**PROBLEM:** Your answer should be the exact lines of the data below from the one containing "DOLCE & GABBANA THE" through the one containing "청담떡볶이 - 강남구 학동로101길 26 | 청담떡볶이"; please include nothing else.

**ENTRIES SHOWN:**
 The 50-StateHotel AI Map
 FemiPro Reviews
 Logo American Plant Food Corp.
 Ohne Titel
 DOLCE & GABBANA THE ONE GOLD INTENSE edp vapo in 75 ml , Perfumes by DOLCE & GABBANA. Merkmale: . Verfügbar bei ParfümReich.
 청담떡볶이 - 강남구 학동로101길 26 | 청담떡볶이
==
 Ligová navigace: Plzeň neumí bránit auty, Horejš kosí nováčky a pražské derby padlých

**RESULT BELOW:**
 DOLCE & GABBANA THE ONE GOLD INTENSE edp vapo in 75 ml , Perfumes by DOLCE & GABBANA. Merkmale: . Verfügbar bei ParfümReich.
 청담떡볶이 - 강남구 학동로101길 26 | 청담떡볶이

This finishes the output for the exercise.